Another World Cup cycle, another absence for the world’s most populous nation. India, with its 1.4 billion souls, remains on the outside of football’s grandest stage. While the UK coaching community shakes its head, asking for the umpteenth time why investment fails to trickle down to the grassroots, it is worth asking what this repeated failure says about the country’s sporting soul.
It is not for want of passion. On the streets of Kolkata, Mumbai and Delhi, children kick crumpled plastic bottles through dust-choked alleys. The love for the game is visceral, spontaneous and uncoached. But love alone does not win qualifiers. The missing ingredient is a system that turns raw talent into polished skill. Football, unlike cricket in India, has long been treated as a second-class sport. The money flows to the bat and ball, not the boot and goal.
The UK coaches who question grassroots investment are not wrong. They see from experience that academies, scouting networks and paid youth coaches are the bedrock of success. India has tried: the All India Football Federation launched ‘Mission 1 Billion’ to popularise the game. But a mission without meticulous local execution is just a slogan. The real struggle happens in small towns where no one pays a coach and where a child’s talent is left to the alchemy of luck.

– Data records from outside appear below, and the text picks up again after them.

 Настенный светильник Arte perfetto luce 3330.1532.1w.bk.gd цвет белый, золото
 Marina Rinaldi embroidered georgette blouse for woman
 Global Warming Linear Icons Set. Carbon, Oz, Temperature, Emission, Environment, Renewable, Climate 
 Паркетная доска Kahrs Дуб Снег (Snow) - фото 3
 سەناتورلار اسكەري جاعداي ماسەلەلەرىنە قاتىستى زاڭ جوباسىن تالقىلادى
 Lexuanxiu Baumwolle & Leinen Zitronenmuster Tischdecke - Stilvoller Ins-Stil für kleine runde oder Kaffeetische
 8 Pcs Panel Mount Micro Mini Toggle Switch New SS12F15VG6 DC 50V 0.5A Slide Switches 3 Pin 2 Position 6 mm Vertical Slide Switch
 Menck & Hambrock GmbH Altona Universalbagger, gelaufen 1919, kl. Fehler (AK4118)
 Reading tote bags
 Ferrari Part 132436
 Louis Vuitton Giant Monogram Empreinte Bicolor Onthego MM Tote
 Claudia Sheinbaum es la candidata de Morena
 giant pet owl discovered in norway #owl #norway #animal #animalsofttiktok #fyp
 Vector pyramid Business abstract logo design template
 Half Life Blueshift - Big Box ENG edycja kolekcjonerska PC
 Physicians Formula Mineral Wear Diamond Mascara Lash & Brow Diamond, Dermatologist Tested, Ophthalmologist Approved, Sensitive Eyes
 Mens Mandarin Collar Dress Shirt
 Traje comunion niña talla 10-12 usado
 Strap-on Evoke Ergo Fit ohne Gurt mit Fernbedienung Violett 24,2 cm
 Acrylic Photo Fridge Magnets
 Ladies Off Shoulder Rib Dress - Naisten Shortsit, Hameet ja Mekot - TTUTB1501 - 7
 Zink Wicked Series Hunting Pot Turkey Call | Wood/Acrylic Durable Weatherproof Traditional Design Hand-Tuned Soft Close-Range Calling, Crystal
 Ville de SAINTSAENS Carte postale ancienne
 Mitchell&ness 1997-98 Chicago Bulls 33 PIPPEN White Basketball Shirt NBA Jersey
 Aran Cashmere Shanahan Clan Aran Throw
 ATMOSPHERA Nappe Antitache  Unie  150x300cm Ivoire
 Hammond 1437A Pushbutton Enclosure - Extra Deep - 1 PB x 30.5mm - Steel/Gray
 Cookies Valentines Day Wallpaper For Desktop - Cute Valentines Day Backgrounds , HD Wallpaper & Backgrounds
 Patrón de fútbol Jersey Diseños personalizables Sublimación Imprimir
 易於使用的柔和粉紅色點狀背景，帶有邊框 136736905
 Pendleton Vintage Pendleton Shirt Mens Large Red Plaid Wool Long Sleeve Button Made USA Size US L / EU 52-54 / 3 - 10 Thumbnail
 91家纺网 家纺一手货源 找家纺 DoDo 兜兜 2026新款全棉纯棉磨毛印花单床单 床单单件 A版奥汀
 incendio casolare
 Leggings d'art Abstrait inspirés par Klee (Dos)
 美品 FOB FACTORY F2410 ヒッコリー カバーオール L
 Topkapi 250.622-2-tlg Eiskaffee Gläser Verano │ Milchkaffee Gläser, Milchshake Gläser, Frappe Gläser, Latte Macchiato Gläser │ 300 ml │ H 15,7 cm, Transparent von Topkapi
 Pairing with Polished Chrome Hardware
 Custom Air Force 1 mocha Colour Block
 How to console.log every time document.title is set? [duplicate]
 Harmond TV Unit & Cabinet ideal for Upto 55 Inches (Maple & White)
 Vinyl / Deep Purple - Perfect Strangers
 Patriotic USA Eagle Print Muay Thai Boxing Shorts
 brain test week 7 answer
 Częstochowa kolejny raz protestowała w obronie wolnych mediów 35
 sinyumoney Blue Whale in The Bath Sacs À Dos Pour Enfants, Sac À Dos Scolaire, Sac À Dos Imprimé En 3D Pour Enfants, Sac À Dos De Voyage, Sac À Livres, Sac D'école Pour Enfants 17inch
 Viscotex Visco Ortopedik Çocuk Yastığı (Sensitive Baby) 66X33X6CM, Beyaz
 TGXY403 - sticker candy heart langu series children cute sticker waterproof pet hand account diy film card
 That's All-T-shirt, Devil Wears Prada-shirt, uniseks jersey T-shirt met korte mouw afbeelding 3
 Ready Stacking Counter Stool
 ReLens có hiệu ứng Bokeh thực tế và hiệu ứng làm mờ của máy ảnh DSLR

There is a cultural shift underway, though. The Indian Super League has brought glamour and foreign stars. Middle-class parents are beginning to see football as a viable path, a game that offers scholarships and international exposure. But the change moves slowly. Meanwhile, the gap between dreams and reality widens with each failed campaign.
The human cost is measured in lost opportunities. Every talented 12-year-old who never gets a proper trial is a story of what could have been. The UK coaches see this clearly because their own system catches such children early. India’s system too often fails until it is too late. And so the billion people remain spectators, not participants, on the world stage.
Until the investment reaches the choked lanes and the muddy grounds, until a coach’s salary is considered as important as a star player’s, India will remain the sleeping giant that never wakes for football. The next World Cup will come, and the question will be asked again. The answer, if we are honest, remains the same.